Last spring, I had booked a month in Vancouver, but after only a few days attending the trial, I could take no more. What to do with the three-plus weeks left to me? Try to answer my questions, perhaps. So instead of returning to India early, I retreated to my comfort zones: the university, the library.

Surely others had written about this, I was thinking. Over the years, in psychology journals, I had come across so many studies on victims of mass trauma. Longitudinal, informational, survey- or interview- or standardized-test-based. Beirut, Belfast, Kigali. I had never seen one on the Air India disaster, but then, I’d never properly searched.

After the World Trade Tower attacks, nearly half of all Americans showed PTSD symptoms. How did the researchers think to test for that? They must have observed the symptoms in others; they might have felt them themselves. Had Canadians suffered similarly, following the bombing? The U.S. has about ten times Canada’s population. Three thousand plus people were killed in the September 11 attacks, three hundred plus in the Air India disaster. Do the math. It should add up, but it doesn’t.

Canadians at large did not feel themselves to have been attacked, although nearly every passenger aboard that flight was a born or naturalized Canadian. Canada’s prime minister infamously sent a telegram of condolences to the Indian government, who had lost what? A jet. Oh, and a couple of pilots. No wonder Canada had failed to prevent the bombing in the first place. No wonder they had failed, for eighteen years, to bring it to trial.

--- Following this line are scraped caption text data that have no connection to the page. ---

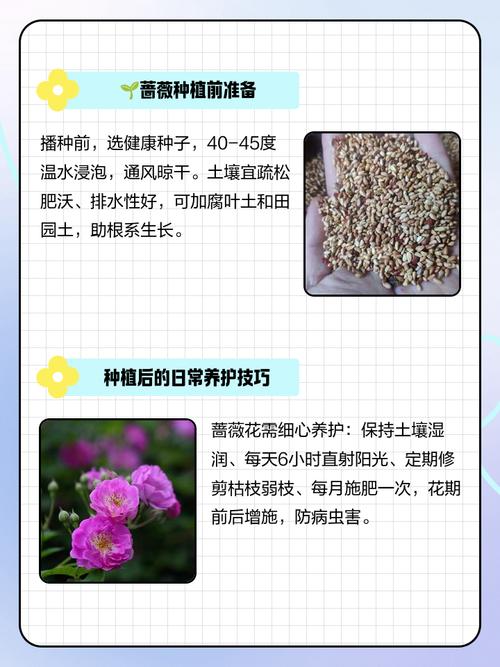 家庭种植蔷薇花有什么好处?家庭种植蔷薇花有什么好处和坏处?-第4张图片-优品飞百科 家庭种植蔷薇花有什么好处?家庭种植蔷薇花有什么好处和坏处?-第4张图片-优品飞百科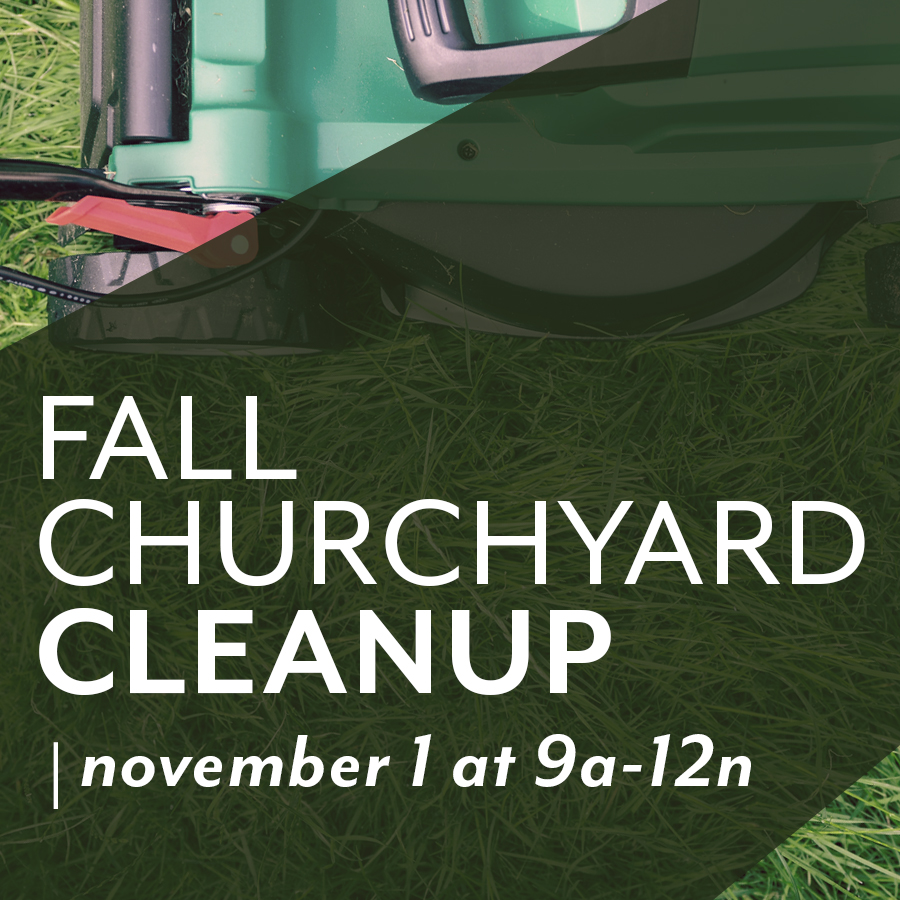 Fall Cleanup
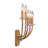 Joleon Wall Sconce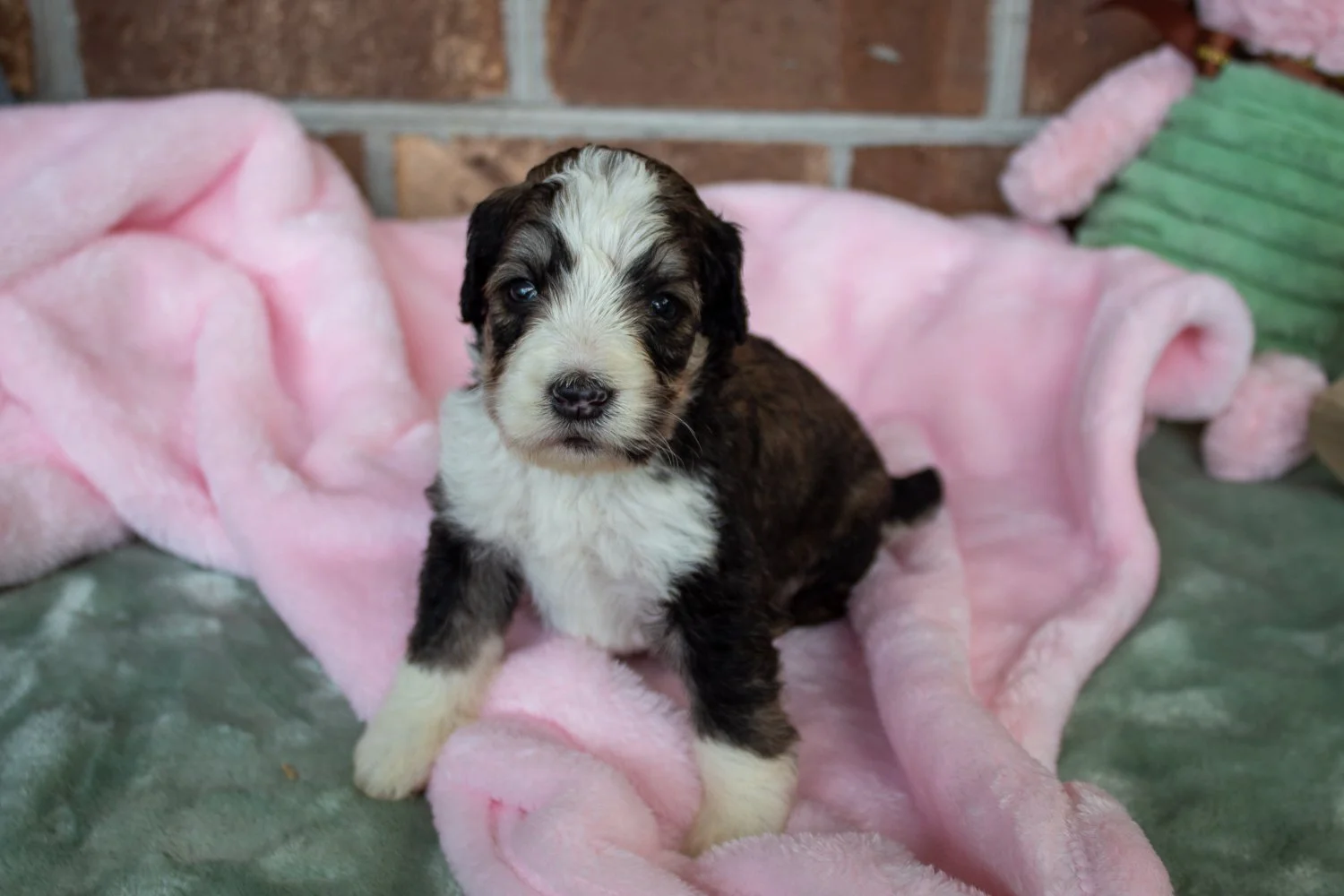 bernedoodle-pupppy-available-south-carolina.jpg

And, I learned now, failed to take the bombing up in scholarship. I found no articles that addressed my questions. I looked, though it seemed even more improbable, for books. I found the same three I had read over fifteen years ago, one sensational, one implausible, and one by Bharati Mukherjee and Clark Blaise.

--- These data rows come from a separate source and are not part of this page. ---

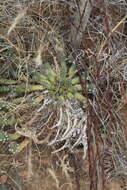 Image of Euphorbia inermis Mill.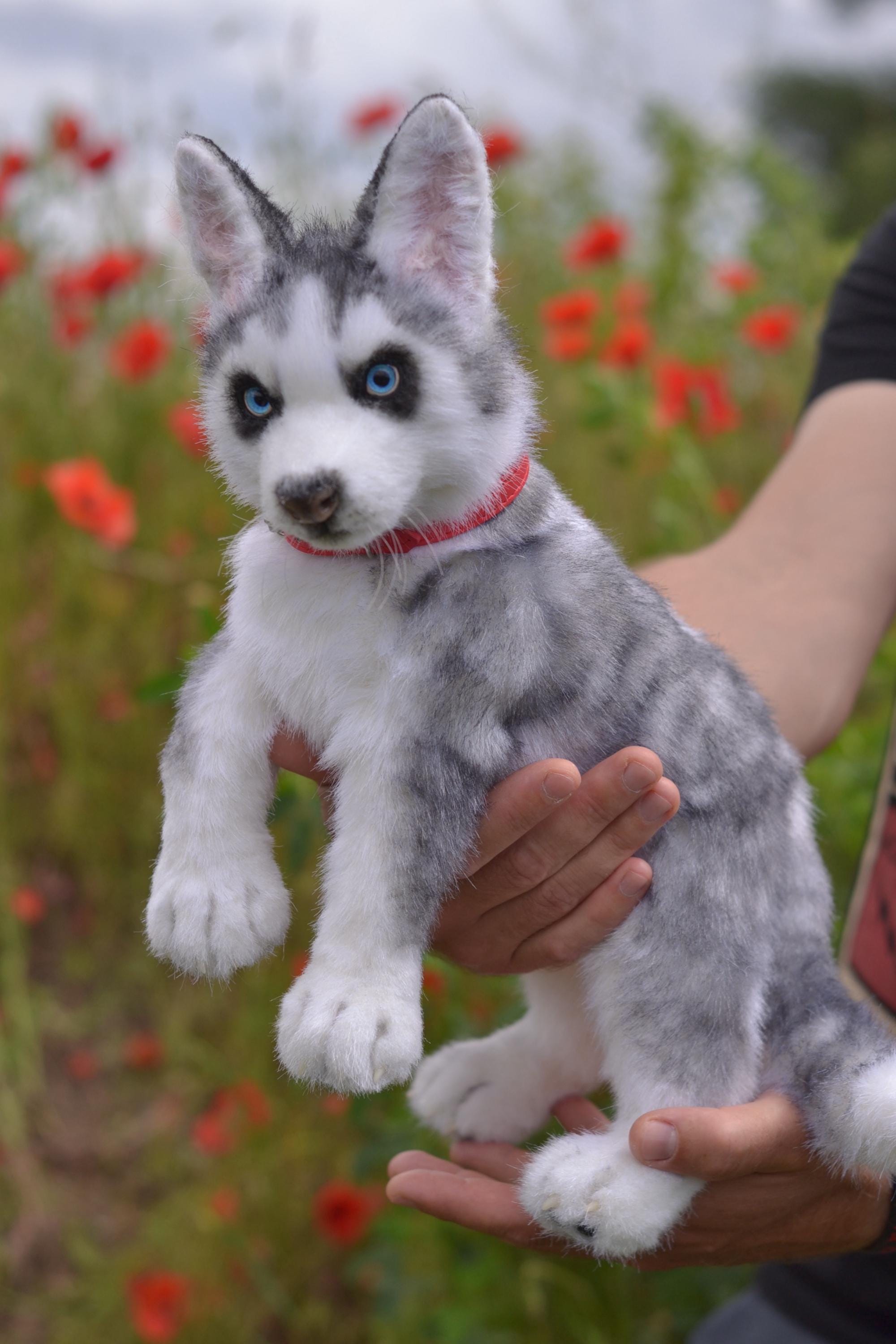 Siberian Husky Puppy Best Toy For Husky Siberian Husky Price In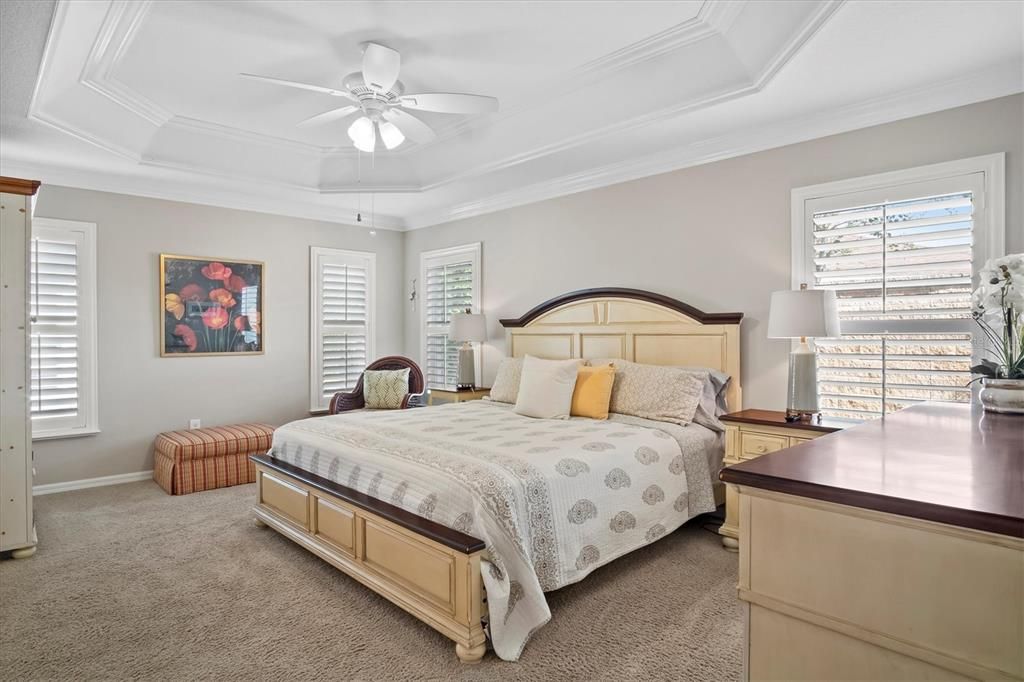 MASSTER BEDROOM IS EXPANSIVE WITH TRAY CEILINGS AND CROWN MOLDING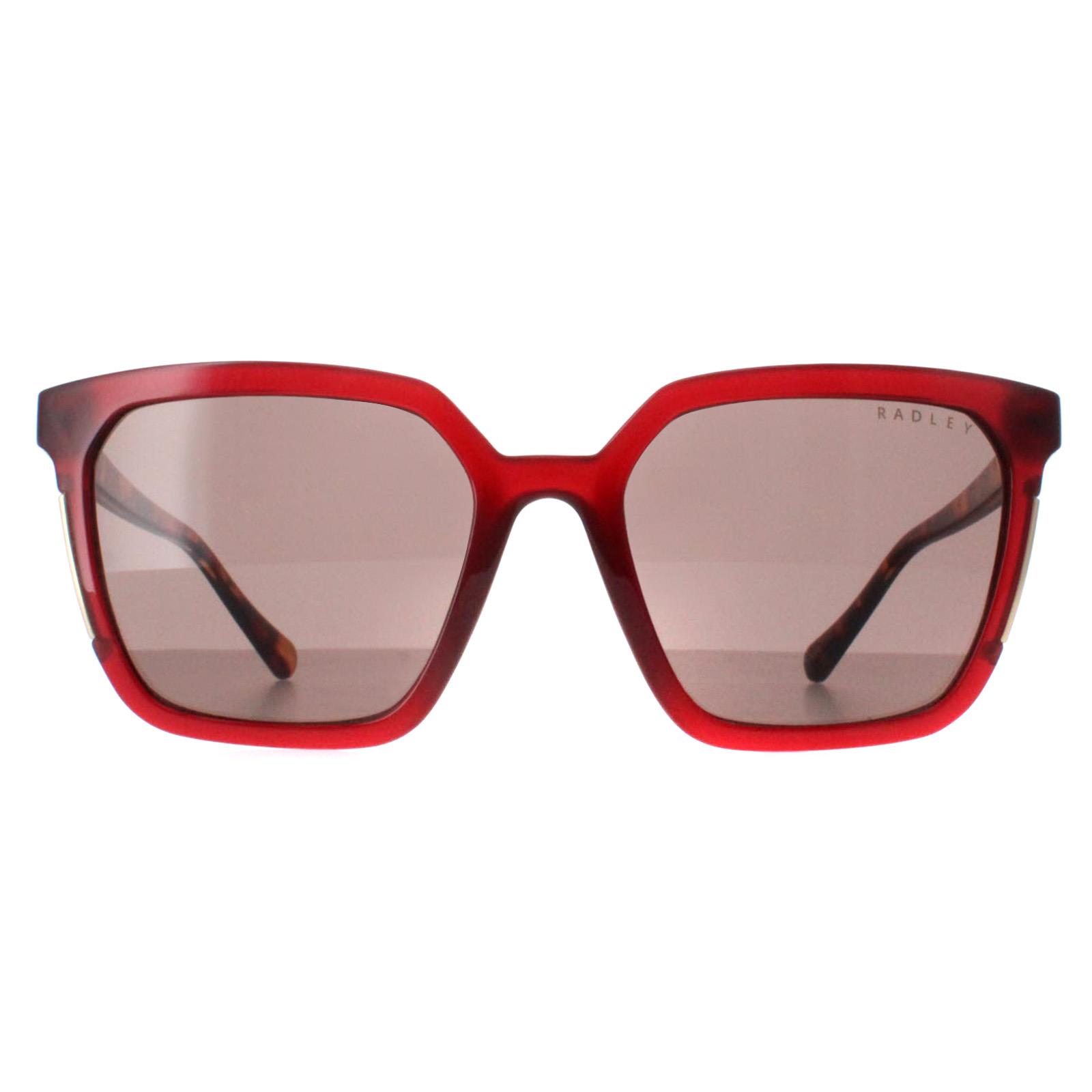 Red Radley Red Square Transparent Burgundy Brown Allington 6506, Image 1 of 4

Mukherjee: tough broad. I’ve never met her but I’d like her, even if we would almost certainly fight. I loved her novels back when I lived in Canada: she was one of the very first to write about the no-man’s land—or, more often, no-woman’s land—of the transplant. I might have felt nothing in common with her protagonists had I met them in life, but I identified with them as I never had with fictional characters before.

Her book on the bombing was called
The Sorrow and the Terror
. (That title, in huge block letters and lurid flame-tones: really?) I sat with it in the reading room of the Vancouver public library. Much of it was good, far better than I had given it credit for the first time around, back when my pain was most acute.

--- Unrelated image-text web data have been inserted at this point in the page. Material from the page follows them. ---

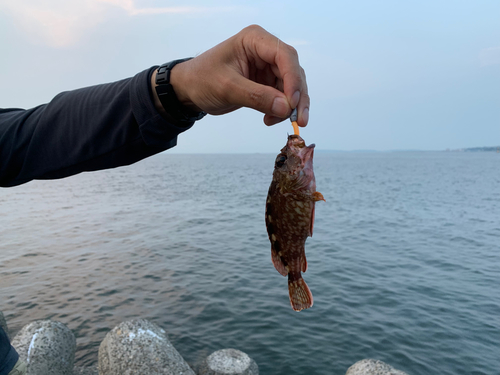 ガシラの釣果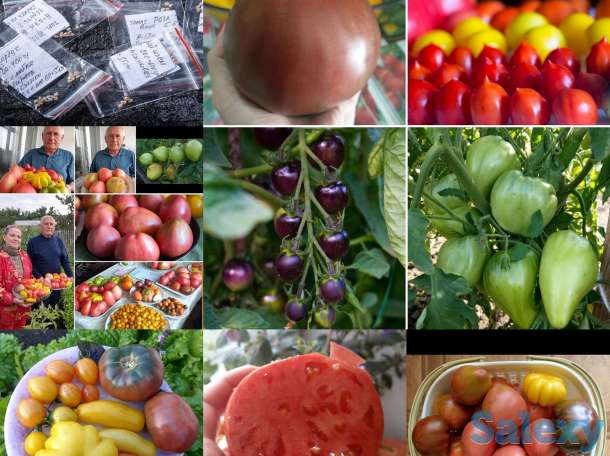 Семена Кокшетау, фотография 1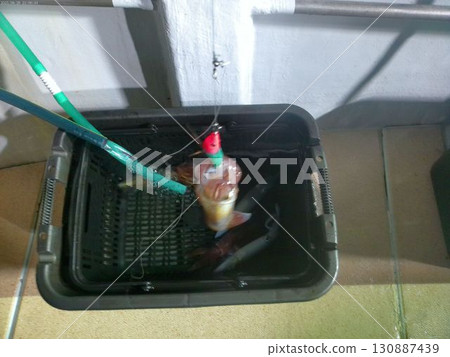 八月夜間捕獲的新鮮魷魚 130887439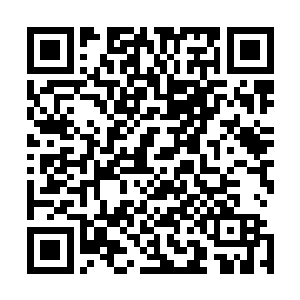 我将根据你们的完成情况来统计你们这一次历练最后的成果二维码生成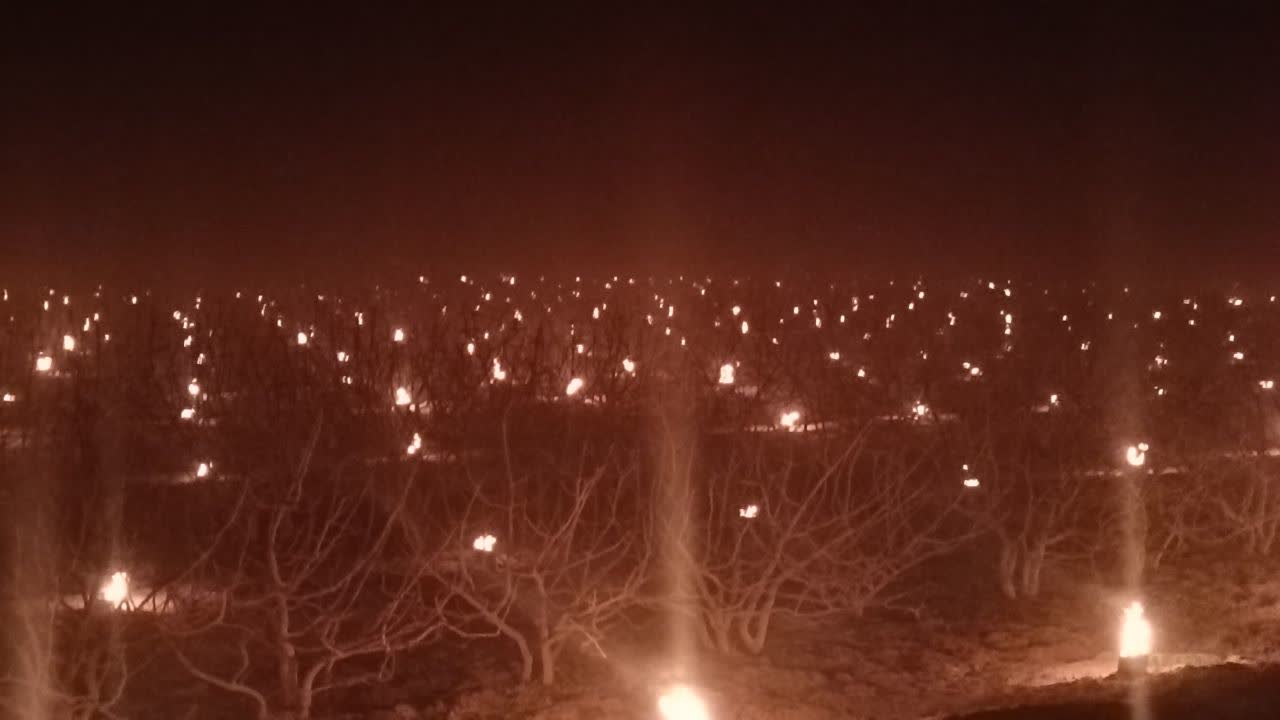 آمادگی کشاورزان شهرستان خاتم برای پیشگیری از سرمازدگی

Like all of us, Mukherjee and Blaise were appalled by the Canadian government’s refusal for six months to acknowledge that the jet had been destroyed by a bomb, even given that another Air India jet, also originally departing from Vancouver, had blown up an hour earlier in Tokyo. Officials didn’t want to admit their negligence. An FBI plant had met radical Sikhs who wanted to blow shit up in India, poison the water supply, disrupt the economy, kill thousands. The newly formed Canadian Security and Intelligence Service had tailed a motley crew of brown radicals who kept muttering to one another in secret code in Punjabi, a language none of CSIS’s west coast agents spoke, despite five generations of Sikh settlement here. Phones were bugged, conversations were taped and sent back to Ottawa for transcription, all routine, no sense of urgency. After transcription, translation. After translation, decoding. (“Ready to write the book?” asked a pay phone caller. “Yes, let’s write the book,” responded the man who had picked up in some suburban home.) After decoding, perhaps alarm. (Wait a sec, is this—?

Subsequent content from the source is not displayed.